Interrogé sur sa présence en classe malgré l’appel à la grève, l’enseignant affirme assumer pleinement ses responsabilités :

« Je suis en classe parce que je suis d’abord enseignant, et en même temps syndicaliste. Je suis le premier secrétaire chargé des conflits, revendications et négociations au sein du SLECG, et négociateur au sein de la plateforme que nous défendons ensemble », a-t-il expliqué.

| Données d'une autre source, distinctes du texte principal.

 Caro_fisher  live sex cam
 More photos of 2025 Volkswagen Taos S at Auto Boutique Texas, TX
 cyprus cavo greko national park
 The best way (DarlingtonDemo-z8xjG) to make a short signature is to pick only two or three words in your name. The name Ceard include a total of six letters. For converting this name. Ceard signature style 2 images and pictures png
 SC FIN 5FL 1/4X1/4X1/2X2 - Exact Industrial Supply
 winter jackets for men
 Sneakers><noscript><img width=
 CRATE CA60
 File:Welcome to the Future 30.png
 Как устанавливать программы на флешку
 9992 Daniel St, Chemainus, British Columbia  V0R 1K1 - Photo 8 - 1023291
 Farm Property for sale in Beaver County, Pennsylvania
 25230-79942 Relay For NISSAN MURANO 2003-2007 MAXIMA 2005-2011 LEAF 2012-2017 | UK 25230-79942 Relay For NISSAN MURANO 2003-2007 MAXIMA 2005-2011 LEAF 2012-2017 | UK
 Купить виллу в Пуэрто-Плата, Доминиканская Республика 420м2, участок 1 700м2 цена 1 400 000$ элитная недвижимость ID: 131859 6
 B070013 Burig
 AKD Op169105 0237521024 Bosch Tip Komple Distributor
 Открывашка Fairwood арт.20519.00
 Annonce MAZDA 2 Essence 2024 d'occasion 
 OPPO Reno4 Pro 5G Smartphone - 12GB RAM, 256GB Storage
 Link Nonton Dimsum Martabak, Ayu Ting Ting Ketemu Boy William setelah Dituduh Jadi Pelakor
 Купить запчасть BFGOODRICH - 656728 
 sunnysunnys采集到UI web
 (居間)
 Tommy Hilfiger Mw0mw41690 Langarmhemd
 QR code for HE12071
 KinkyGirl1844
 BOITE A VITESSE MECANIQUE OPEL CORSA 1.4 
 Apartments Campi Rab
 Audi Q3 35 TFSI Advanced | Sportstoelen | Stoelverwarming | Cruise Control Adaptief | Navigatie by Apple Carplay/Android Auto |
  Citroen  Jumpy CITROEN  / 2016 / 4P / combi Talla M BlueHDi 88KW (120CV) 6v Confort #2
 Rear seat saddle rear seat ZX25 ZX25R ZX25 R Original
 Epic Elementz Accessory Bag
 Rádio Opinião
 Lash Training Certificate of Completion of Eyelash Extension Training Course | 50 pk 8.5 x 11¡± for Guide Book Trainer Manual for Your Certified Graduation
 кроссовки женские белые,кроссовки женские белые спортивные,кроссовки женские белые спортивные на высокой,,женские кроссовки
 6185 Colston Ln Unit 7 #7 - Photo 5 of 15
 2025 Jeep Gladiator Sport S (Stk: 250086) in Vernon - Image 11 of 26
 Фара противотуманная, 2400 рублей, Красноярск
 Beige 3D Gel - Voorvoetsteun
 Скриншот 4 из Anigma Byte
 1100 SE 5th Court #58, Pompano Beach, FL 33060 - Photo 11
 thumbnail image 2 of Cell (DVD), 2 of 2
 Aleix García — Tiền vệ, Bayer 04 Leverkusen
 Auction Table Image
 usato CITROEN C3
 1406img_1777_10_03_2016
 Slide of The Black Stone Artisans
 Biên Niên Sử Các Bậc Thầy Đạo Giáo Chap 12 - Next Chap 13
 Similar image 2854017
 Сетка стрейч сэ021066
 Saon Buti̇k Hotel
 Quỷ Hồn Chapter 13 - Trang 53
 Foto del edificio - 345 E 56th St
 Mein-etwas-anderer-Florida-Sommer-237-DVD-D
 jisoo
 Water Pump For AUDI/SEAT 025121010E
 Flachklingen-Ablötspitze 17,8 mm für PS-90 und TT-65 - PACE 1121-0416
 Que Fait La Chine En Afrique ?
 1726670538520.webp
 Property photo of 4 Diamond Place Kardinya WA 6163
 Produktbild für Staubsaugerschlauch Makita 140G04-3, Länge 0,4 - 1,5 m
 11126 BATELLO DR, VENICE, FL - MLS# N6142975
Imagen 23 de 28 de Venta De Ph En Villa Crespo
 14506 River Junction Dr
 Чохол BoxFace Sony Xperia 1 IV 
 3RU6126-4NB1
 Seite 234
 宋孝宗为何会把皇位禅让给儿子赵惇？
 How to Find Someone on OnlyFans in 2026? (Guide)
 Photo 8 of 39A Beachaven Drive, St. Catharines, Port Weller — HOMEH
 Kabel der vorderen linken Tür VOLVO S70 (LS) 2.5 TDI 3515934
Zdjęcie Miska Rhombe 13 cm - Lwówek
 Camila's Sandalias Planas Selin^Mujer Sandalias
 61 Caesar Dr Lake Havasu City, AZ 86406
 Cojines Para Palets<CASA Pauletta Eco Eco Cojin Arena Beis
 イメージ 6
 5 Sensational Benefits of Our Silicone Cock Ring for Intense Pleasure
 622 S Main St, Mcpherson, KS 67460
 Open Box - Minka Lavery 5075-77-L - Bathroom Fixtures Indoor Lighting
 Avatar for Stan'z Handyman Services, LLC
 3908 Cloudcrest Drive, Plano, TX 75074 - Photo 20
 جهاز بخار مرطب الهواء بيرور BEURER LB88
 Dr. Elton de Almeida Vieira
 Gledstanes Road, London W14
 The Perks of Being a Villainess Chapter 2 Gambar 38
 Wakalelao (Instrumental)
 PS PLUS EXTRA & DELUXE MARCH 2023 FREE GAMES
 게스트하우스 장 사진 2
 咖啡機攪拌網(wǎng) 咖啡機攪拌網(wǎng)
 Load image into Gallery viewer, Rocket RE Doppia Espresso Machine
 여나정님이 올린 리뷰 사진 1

Pour Moustapha Soumah, rien ne justifie pour le moment une rupture du dialogue avec les autorités.

« Nous avons défendu la plateforme jusqu’à un certain niveau, et il n’y a aucun blocage nous empêchant de poursuivre les discussions. Nos camarades qui ont déclenché la grève sont indépendants, nous leur concédons cela. Mais au niveau de l’intersyndicale, nous n’avons trouvé aucune raison valable de bouder le dialogue. Nous avons préféré continuer les échanges tout en maintenant les cours », a-t-il ajouté.

Poursuivant, le professeur assure que les activités se sont déroulées normalement au lycée Donka. Selon lui, les incidents signalés dans d’autres écoles seraient dus à des individus cherchant à semer la confusion.

« Depuis 8 heures, nous sommes en classe et nous donnons les cours normalement. Concernant les incidents dans certains établissements, je peux dire sans risque de me tromper que ce sont des personnes proches de ceux qui ont appelé à la grève, parce qu’ils ont constaté qu’elle n’a pas réussi. Ce matin, tout était calme. Mais, comme souvent, ceux dont la grève échoue tentent de créer la psychose », a précisé Moustapha Soumah.